I want to identify if a column in pandas is a list (in each row).
df=pd.DataFrame({'X': [1, 2, 3], 'Y': [[34],[37,45],[48,50,57]],'Z':['A','B','C']})
df
Out[160]:
X Y Z
0 1 [34] A
1 2 [37, 45] B
2 3 [48, 50, 57] C
df.dtypes
Out[161]:
X int64
Y object
Z object
dtype: object
Since the dtype of strings is "object", I'm unable to distinguish between columns that are strings and lists (of integer or strings).
How do I identify that column "Y" is a list of int?

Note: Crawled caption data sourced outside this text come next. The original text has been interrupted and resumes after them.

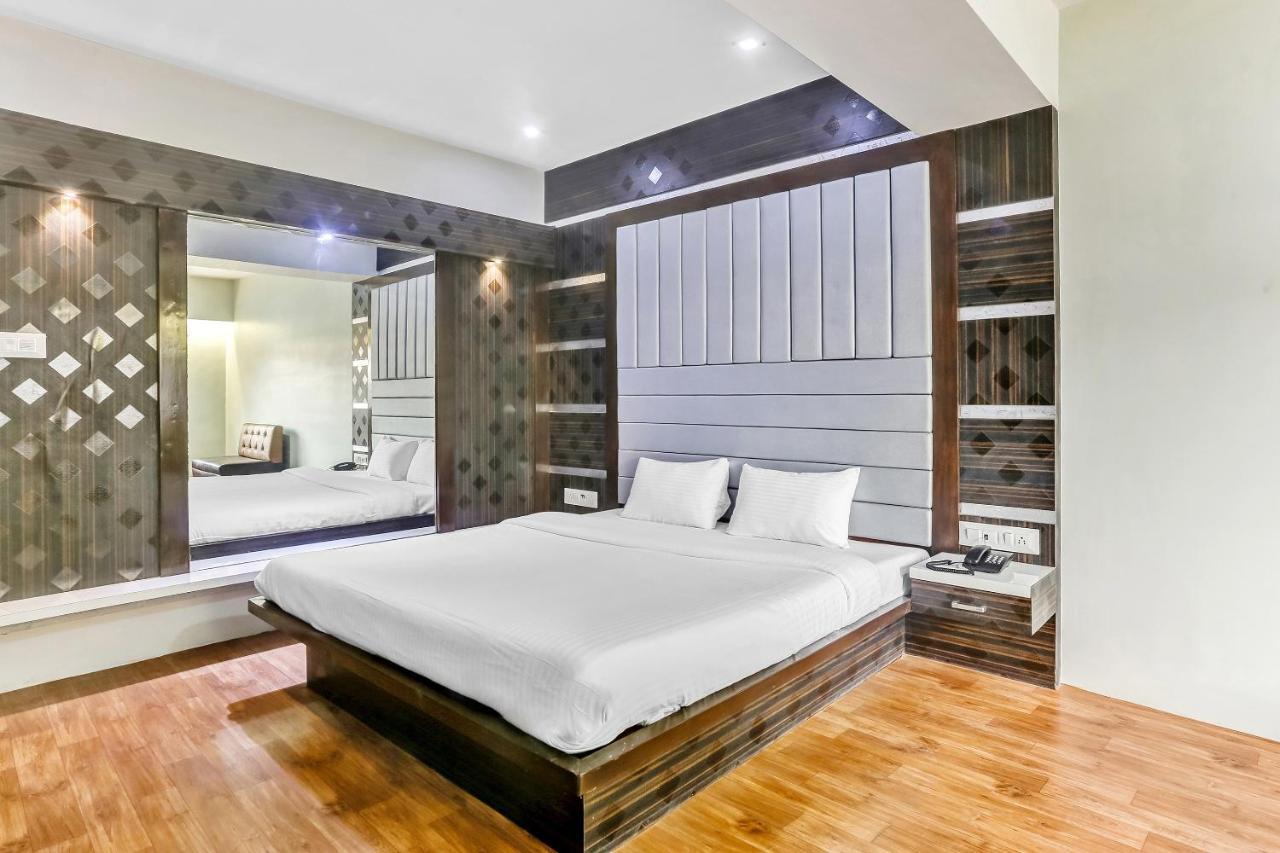 OYO Flagship 83396 Hotel Vinyasa Residency Mumbai Bagian luar foto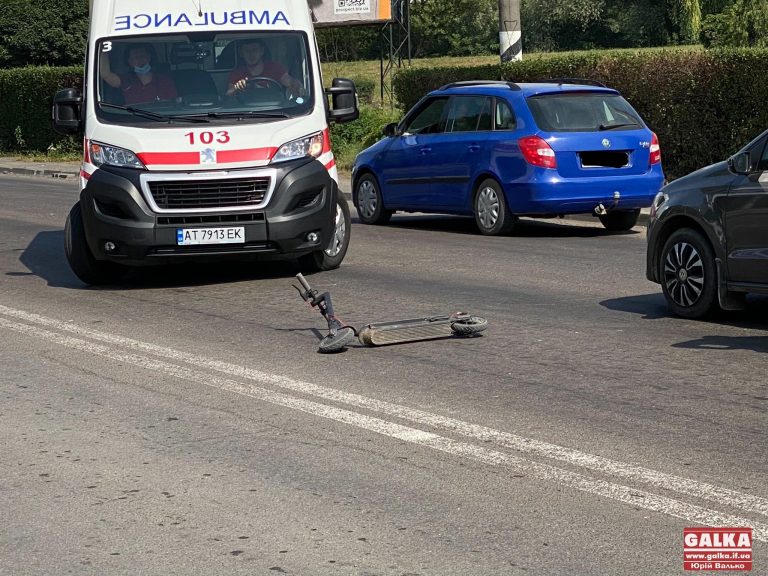 На Набережній дівчина із електросамокатом потрапила під колеса авто (ФОТО)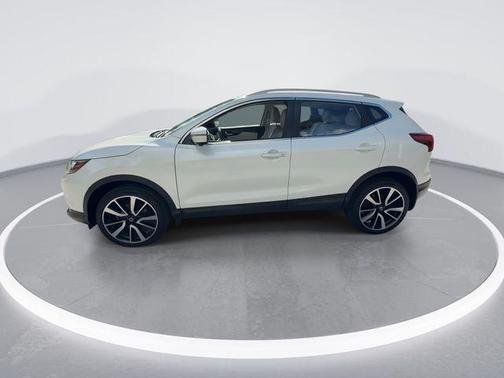 White 2019 Nissan Rogue Sport SL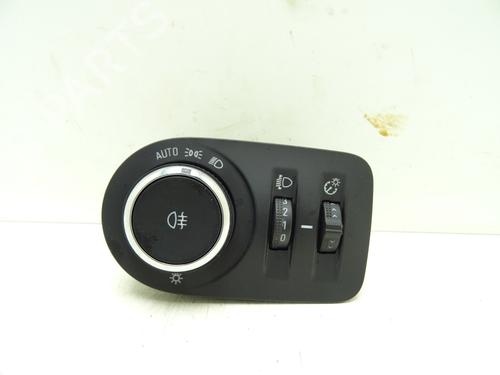 Used Headlight switch OPEL CORSA F (P2JO) 1.2 (68) (101 hp) 28140338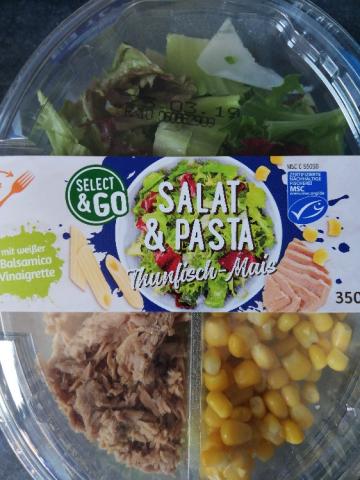 Thunfisch-Mais-Salat auf Nudeln, mit weißer Balsamico-Vinaigrett | Hochgeladen von: M. N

If your dataset is big, you should take a sample before apply the type function, then you can check:
If the the most common type is list:
df\
.sample(100)\
.map(type)\ # use .applymap(type) prior to v2.1.0
.mode(0)\
.astype(str) == "<class 'list'>"
If all values are list:
(df\
.sample(100)\
.map(type)\ # use .applymap(type) prior to v2.1.0
.astype(str) == "<class 'list'>")\
.all(0)
If any values are list:
(df\
.sample(100)\
.map(type)\ # use .applymap(type) prior to v2.1.0
.astype(str) == "<class 'list'>")\
.any(0)